- **Work to complete**
Without changing a character, output all of the records.
#### Supplied records
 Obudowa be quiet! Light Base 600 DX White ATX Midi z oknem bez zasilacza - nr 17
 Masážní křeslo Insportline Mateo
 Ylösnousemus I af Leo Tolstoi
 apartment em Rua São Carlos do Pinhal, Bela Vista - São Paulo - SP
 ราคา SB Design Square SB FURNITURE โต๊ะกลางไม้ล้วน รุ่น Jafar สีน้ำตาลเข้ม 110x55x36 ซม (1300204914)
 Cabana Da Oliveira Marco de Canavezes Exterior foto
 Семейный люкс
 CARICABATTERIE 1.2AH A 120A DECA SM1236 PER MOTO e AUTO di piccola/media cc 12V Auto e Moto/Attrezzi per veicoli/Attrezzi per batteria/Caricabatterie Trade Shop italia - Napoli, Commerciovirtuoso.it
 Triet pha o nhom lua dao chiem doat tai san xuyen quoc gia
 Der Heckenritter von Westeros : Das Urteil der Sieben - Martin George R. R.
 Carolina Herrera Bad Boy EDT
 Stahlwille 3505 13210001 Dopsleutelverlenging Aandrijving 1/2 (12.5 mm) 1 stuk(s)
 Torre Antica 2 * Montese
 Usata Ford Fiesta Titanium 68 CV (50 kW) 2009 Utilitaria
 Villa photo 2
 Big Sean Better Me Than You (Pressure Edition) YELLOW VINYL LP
########
- **Expected answer**
 Obudowa be quiet! Light Base 600 DX White ATX Midi z oknem bez zasilacza - nr 17
 Masážní křeslo Insportline Mateo
 Ylösnousemus I af Leo Tolstoi
 apartment em Rua São Carlos do Pinhal, Bela Vista - São Paulo - SP
 ราคา SB Design Square SB FURNITURE โต๊ะกลางไม้ล้วน รุ่น Jafar สีน้ำตาลเข้ม 110x55x36 ซม (1300204914)
 Cabana Da Oliveira Marco de Canavezes Exterior foto
 Семейный люкс
 CARICABATTERIE 1.2AH A 120A DECA SM1236 PER MOTO e AUTO di piccola/media cc 12V Auto e Moto/Attrezzi per veicoli/Attrezzi per batteria/Caricabatterie Trade Shop italia - Napoli, Commerciovirtuoso.it
 Triet pha o nhom lua dao chiem doat tai san xuyen quoc gia
 Der Heckenritter von Westeros : Das Urteil der Sieben - Martin George R. R.
 Carolina Herrera Bad Boy EDT
 Stahlwille 3505 13210001 Dopsleutelverlenging Aandrijving 1/2 (12.5 mm) 1 stuk(s)
 Torre Antica 2 * Montese
 Usata Ford Fiesta Titanium 68 CV (50 kW) 2009 Utilitaria
 Villa photo 2
 Big Sean Better Me Than You (Pressure Edition) YELLOW VINYL LP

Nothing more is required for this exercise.